The plaintiff made demand upon the defendant based upon the values reflected in the report filed on October 28, 1967. The defendant denied liability claiming that the plaintiff had failed to comply with the provisions of Clauses 11 and 12 of the policy.

The pertinent provisions of the value reporting form policy are hereinafter set forth:

'11. VALUE REPORTING CLAUSE--It is a condition of this policy that the Insured shall report in writing to this Company Not later than 30 days after the last day of each calendar month, the exact location of all property covered hereunder, the total actual cash value of such property at each location and all specific insurance in force at each of such locations on the last day of each calendar month. At the time of any loss, if the Insured has failed to file with this Company reports of values as above required, this policy, subject otherwise to all its terms and conditions, Shall cover only at the locations and for not more than The amounts included in the last report of values less the amount of specific insurance reported, if any, Filed prior to the loss, the further, if such delinquent report is the first report of values herein required to be filed, this policy shall cover only at the respective locations specifically named herein and for not exceeding 75% Of the applicable limit of liability of this Company specified in the Limit of Liability Clause. If the inception date of this policy is the last day of the calendar month, then the first report of values due shall show the total actual cash value(s) as of that date.

'12. FULL REPORTING CLAUSE--Liability under this policy shall not in any case exceed that proportion of loss (meaning the loss as provided in the Excess Clause at the location involved), Which the last reported value filed prior to the loss, less the amount of specific insurance reported, if any, at the location where any loss occurs bears to the total actual cash value less the amount of specific insurance, if any, at that location on the date for which report is made. Liability for loss hereunder, occurring at any location acquired since filing the last report (except as provided by the Value Reporting Clause) shall be apportioned in a like manner except that the proportion used shall be the relation that values reported at all locations less the amount of reported specific insurance, if, any, bear to the total actual cash values less the amount of specific insurance, if any, at all locations on the date for which report is made.' (Emphasis added.)

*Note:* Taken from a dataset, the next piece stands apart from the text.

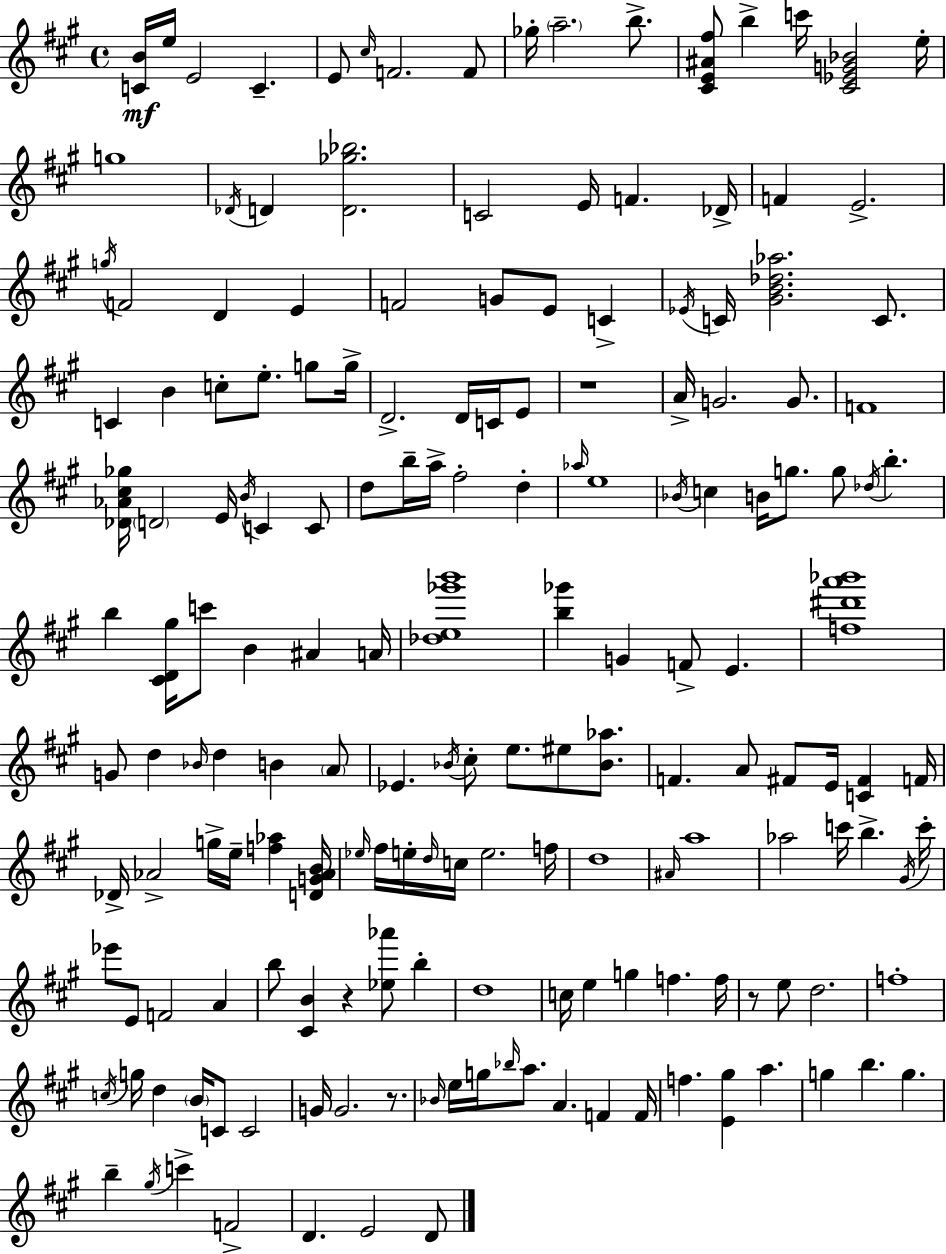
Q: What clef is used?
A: treble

The undisputed evidence in the record refledcts that during the six-year period immediately prior to the policy period in question while the plaintiff was insured by the defendant, the plaintiff was consistently late in the filing of its reports which late reports the defendant apparently accepted. The only reports which appear to have been rejected during the entire policy period were the reports which plaintiff attempted to file After the fire loss of October 18, 1967.

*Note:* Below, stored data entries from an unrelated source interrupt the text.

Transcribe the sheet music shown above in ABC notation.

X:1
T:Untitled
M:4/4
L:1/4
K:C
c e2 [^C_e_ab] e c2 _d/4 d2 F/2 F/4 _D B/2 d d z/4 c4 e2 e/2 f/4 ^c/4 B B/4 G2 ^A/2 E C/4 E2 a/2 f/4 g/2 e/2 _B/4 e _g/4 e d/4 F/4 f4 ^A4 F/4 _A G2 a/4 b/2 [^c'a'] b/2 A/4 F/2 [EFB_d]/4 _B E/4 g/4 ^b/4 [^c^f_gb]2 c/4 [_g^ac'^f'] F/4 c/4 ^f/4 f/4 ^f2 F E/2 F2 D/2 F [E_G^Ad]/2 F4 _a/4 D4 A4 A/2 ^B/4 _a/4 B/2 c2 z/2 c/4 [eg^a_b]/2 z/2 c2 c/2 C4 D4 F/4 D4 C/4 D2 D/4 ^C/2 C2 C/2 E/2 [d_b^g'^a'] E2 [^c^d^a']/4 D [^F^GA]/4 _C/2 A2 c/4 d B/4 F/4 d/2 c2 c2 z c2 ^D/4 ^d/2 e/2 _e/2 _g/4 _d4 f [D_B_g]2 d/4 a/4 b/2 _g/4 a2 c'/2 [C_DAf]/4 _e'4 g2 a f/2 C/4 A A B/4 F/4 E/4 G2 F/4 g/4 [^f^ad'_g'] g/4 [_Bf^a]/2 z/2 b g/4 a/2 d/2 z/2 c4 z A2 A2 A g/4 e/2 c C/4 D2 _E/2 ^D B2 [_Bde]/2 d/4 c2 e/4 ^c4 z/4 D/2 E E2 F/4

Plaintiff in essence asserts two positions: (1) that the insurance company's acceptance of delinquent reports during the period Preceding the fire constituted a waiver by the insurance company of the requirement for the timely filing of monthly reports; stated differently, whether or not the insurance company waived the timely filing of such reports and was estopped to assert noncompliance was a question of fact which precluded the entry of summary judgment. And (2) that the filing of the report on October 28, 1967, was timely since it was within the grace period prescribed by Clause 11, supra.

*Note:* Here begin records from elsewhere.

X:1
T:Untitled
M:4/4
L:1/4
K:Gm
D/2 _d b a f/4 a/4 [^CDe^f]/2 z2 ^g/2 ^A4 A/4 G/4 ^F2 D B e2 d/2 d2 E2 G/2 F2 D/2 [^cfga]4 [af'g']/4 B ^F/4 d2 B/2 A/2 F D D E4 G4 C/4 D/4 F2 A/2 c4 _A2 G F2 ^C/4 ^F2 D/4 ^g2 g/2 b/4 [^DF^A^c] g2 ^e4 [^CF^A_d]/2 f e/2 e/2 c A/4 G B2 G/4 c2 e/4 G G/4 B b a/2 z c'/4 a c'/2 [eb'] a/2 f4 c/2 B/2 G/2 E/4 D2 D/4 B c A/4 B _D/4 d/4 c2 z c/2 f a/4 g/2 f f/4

With respect to the question of waiver (and estoppel) it shall be observed that the policy in question contains a standard 'nonwaiver' clause as follows:

'No permission affecting this insurance shall exist, or waiver of any provision be valid, unless granted herein or expressed in writing added hereto. No provision, stipulation of forfeiture shall be held to be waived by any requirement or proceeding on the part of this Company relating to appraisal or to any examination provided for herein.'

In addition, the record in the case sub judice reflects that in submitting each monthly report to the insurance company the plaintiff specifically executed the following:

'I/We hereby agree that the Company's acceptance of a delinquent report shall not be prejudicial to the Company's rights under the Value Reporting Clause of the policy and shall not be deemed a waiver of the reporting requirements of such clause.'

While, at first blush, this would appear to negate plaintiff's contention that defendant's Acceptance of delinquent reports constituted a waiver and estoppel, it would not necessarily justify the making of such a determination in a summary proceeding inasmuch as the question of waiver and estoppel inherently involve material fact questions. Ham v. Heintzelman's Ford, Inc., Fla.App.1971, 256 So.2d 264. It does not follow, however, that the judgment should be reversed and remanded for a hearing on this question for it is our view of the law that the doctrine of waiver and estoppel is Not applicable, as a matter of law, the case sub judice.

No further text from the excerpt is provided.